Write exactly, with no line omitted or added, the span beginning at the line that holds "Casa, 2 quartos, 70 m² - Foto 16" and ending at the last line of the records.

-------------------------

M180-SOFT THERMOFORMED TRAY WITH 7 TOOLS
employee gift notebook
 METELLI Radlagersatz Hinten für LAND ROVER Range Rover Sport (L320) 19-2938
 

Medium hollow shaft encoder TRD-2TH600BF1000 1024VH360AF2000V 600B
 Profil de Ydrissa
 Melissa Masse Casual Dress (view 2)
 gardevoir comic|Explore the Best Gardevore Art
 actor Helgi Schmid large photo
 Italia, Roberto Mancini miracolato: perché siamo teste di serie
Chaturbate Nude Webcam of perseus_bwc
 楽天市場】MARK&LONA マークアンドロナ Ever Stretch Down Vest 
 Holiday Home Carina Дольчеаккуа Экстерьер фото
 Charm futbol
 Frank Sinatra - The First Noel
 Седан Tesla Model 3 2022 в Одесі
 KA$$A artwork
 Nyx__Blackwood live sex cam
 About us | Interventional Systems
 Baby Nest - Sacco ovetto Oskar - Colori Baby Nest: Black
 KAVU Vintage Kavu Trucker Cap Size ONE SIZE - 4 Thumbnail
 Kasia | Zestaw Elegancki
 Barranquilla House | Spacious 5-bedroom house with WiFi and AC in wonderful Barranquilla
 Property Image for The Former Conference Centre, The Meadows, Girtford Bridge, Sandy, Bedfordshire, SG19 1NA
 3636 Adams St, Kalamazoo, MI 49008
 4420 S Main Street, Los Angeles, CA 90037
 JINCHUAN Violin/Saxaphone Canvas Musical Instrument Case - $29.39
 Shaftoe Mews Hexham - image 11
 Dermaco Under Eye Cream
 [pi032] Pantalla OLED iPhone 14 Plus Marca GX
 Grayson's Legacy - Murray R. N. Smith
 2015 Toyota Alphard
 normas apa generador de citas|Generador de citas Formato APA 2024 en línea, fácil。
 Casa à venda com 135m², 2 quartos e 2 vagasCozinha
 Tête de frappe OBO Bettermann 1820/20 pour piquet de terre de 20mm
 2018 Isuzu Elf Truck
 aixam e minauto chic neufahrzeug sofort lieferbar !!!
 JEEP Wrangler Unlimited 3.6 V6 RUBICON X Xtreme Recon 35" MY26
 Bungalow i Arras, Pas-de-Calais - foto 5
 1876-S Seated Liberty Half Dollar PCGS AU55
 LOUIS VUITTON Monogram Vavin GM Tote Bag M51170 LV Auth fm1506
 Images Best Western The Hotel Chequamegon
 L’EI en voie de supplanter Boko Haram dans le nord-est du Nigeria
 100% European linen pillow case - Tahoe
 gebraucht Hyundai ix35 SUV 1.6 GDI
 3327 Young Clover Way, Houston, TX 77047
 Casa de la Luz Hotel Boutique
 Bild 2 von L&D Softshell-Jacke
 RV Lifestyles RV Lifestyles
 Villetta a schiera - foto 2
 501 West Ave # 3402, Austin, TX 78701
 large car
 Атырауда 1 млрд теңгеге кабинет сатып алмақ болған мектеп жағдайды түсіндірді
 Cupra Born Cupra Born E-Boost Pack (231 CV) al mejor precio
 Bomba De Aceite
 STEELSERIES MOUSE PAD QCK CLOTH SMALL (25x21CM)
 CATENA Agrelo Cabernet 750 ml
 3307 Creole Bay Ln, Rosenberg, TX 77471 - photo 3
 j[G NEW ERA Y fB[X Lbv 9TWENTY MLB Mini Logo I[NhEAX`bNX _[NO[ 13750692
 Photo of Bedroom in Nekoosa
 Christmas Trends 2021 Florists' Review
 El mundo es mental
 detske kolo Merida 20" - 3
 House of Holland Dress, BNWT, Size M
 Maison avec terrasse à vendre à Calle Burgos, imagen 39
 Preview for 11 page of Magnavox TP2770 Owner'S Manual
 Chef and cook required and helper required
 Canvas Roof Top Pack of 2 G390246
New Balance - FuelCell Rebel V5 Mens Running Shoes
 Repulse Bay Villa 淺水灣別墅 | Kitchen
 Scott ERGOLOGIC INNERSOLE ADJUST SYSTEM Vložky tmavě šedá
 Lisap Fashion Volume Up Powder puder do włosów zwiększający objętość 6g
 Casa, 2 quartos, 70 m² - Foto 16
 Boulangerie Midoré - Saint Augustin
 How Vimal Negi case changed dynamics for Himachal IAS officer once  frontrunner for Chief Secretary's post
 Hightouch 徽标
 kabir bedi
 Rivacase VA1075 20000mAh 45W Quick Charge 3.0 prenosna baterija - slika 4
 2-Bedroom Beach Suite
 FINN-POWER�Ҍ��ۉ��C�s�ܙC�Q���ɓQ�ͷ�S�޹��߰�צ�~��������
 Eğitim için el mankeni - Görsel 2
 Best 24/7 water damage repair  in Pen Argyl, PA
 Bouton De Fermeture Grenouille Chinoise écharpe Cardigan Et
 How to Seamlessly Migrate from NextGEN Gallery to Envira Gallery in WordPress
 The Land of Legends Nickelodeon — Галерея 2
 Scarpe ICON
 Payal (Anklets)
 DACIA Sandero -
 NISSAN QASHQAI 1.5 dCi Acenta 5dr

-------------------------

Expected output:
 Casa, 2 quartos, 70 m² - Foto 16
 Boulangerie Midoré - Saint Augustin
 How Vimal Negi case changed dynamics for Himachal IAS officer once  frontrunner for Chief Secretary's post
 Hightouch 徽标
 kabir bedi
 Rivacase VA1075 20000mAh 45W Quick Charge 3.0 prenosna baterija - slika 4
 2-Bedroom Beach Suite
 FINN-POWER�Ҍ��ۉ��C�s�ܙC�Q���ɓQ�ͷ�S�޹��߰�צ�~��������
 Eğitim için el mankeni - Görsel 2
 Best 24/7 water damage repair  in Pen Argyl, PA
 Bouton De Fermeture Grenouille Chinoise écharpe Cardigan Et
 How to Seamlessly Migrate from NextGEN Gallery to Envira Gallery in WordPress
 The Land of Legends Nickelodeon — Галерея 2
 Scarpe ICON
 Payal (Anklets)
 DACIA Sandero -
 NISSAN QASHQAI 1.5 dCi Acenta 5dr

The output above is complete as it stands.